---------- RECORD EXTRACTS ----------

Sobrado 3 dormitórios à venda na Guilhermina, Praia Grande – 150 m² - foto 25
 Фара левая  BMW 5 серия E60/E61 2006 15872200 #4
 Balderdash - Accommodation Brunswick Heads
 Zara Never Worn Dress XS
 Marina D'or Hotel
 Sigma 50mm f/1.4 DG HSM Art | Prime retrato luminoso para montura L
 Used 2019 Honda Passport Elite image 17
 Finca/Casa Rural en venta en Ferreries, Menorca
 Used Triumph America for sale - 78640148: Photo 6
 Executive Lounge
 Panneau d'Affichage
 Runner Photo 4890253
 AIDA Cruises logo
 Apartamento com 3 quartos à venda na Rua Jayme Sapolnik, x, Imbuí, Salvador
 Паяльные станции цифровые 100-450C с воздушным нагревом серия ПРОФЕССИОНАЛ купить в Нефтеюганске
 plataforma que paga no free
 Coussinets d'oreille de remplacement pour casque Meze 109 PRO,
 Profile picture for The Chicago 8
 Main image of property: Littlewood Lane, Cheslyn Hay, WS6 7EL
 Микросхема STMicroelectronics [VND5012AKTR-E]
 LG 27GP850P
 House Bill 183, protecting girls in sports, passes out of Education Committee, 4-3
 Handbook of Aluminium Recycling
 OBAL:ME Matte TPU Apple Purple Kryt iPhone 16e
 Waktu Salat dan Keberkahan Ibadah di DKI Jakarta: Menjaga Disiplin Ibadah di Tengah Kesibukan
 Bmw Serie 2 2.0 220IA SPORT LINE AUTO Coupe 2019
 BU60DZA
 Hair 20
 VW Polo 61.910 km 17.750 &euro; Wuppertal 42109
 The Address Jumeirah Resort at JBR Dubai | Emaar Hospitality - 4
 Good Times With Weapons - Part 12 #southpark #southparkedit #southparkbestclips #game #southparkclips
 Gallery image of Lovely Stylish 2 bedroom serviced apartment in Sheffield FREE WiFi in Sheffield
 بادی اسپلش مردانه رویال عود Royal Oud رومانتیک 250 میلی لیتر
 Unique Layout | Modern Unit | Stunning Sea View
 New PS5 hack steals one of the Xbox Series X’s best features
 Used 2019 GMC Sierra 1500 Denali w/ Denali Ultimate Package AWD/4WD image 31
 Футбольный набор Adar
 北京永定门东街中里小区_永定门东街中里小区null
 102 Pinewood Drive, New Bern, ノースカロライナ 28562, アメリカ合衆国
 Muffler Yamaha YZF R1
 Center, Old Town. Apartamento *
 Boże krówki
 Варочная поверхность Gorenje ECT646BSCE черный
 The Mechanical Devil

----------

Retype the listing above in full, exactly as it stands.

Sobrado 3 dormitórios à venda na Guilhermina, Praia Grande – 150 m² - foto 25
 Фара левая  BMW 5 серия E60/E61 2006 15872200 #4
 Balderdash - Accommodation Brunswick Heads
 Zara Never Worn Dress XS
 Marina D'or Hotel
 Sigma 50mm f/1.4 DG HSM Art | Prime retrato luminoso para montura L
 Used 2019 Honda Passport Elite image 17
 Finca/Casa Rural en venta en Ferreries, Menorca
 Used Triumph America for sale - 78640148: Photo 6
 Executive Lounge
 Panneau d'Affichage
 Runner Photo 4890253
 AIDA Cruises logo
 Apartamento com 3 quartos à venda na Rua Jayme Sapolnik, x, Imbuí, Salvador
 Паяльные станции цифровые 100-450C с воздушным нагревом серия ПРОФЕССИОНАЛ купить в Нефтеюганске
 plataforma que paga no free
 Coussinets d'oreille de remplacement pour casque Meze 109 PRO,
 Profile picture for The Chicago 8
 Main image of property: Littlewood Lane, Cheslyn Hay, WS6 7EL
 Микросхема STMicroelectronics [VND5012AKTR-E]
 LG 27GP850P
 House Bill 183, protecting girls in sports, passes out of Education Committee, 4-3
 Handbook of Aluminium Recycling
 OBAL:ME Matte TPU Apple Purple Kryt iPhone 16e
 Waktu Salat dan Keberkahan Ibadah di DKI Jakarta: Menjaga Disiplin Ibadah di Tengah Kesibukan
 Bmw Serie 2 2.0 220IA SPORT LINE AUTO Coupe 2019
 BU60DZA
 Hair 20
 VW Polo 61.910 km 17.750 &euro; Wuppertal 42109
 The Address Jumeirah Resort at JBR Dubai | Emaar Hospitality - 4
 Good Times With Weapons - Part 12 #southpark #southparkedit #southparkbestclips #game #southparkclips
 Gallery image of Lovely Stylish 2 bedroom serviced apartment in Sheffield FREE WiFi in Sheffield
 بادی اسپلش مردانه رویال عود Royal Oud رومانتیک 250 میلی لیتر
 Unique Layout | Modern Unit | Stunning Sea View
 New PS5 hack steals one of the Xbox Series X’s best features
 Used 2019 GMC Sierra 1500 Denali w/ Denali Ultimate Package AWD/4WD image 31
 Футбольный набор Adar
 北京永定门东街中里小区_永定门东街中里小区null
 102 Pinewood Drive, New Bern, ノースカロライナ 28562, アメリカ合衆国
 Muffler Yamaha YZF R1
 Center, Old Town. Apartamento *
 Boże krówki
 Варочная поверхность Gorenje ECT646BSCE черный
 The Mechanical Devil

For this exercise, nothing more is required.